After his 1984 landslide loss to Ronald Reagan, Walter Mondale asked George McGovern “when does it stop hurting?”, referring to McGovern’s landslide loss to Richard Nixon 12 years earlier. “I’ll let you know,” McGovern replied.

The context:

When a politician loses a race, most of all for the presidency, it is all-out public failure on the biggest possible stage, leaving a mark that never really goes away. … And in a race for the White House, it’s an all-or-nothing outcome. On one side, four years with Air Force One and the attention of the world. On the other, four years of working off campaign debts and traversing the country for second-tier forums.

Bearing defeat is all the harder when you can see it coming, as McGovern and Mondale did, and as now seems very likely for Trump. And hardest of all if you have the emotional maturity of a child.

And from the Max Boot column that Fallows linked to:

. . . Their stance is as incoherent as that of Sen. Marco Rubio, who said Trump could not be trusted with the nuclear arsenal and then, without retracting that grave (and accurate) accusation, endorsed Trump anyway. So now Rubio thinks that the nuclear codes should be given to a man who cannot be trusted with them?

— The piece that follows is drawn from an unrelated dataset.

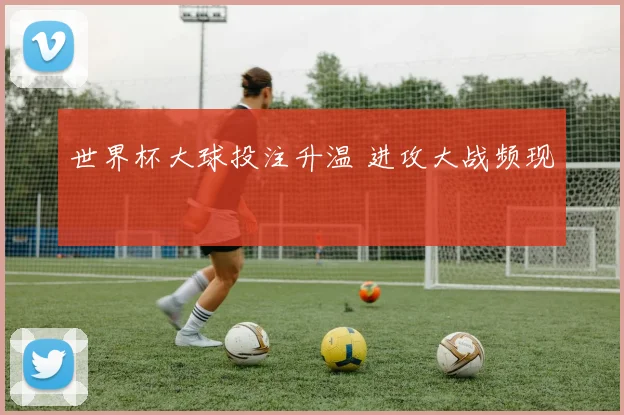 世界杯大球投注升温 进攻大战频现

Rubio is part of the vast majority of Republican officeholders who have refused to abandon Trump even as disturbing details of his behavior toward women have come to light, on top of his already well-known racism and xenophobia and his ignorance, avarice, and dishonesty. Those still endorsing Trump include Senate Majority Leader Mitch McConnell and House Speaker Paul Ryan, though the latter has tried to have it both ways bysaying he would not campaign for Trump. Long known as the champion of principled conservatism, Ryan looks increasingly opportunistic. . .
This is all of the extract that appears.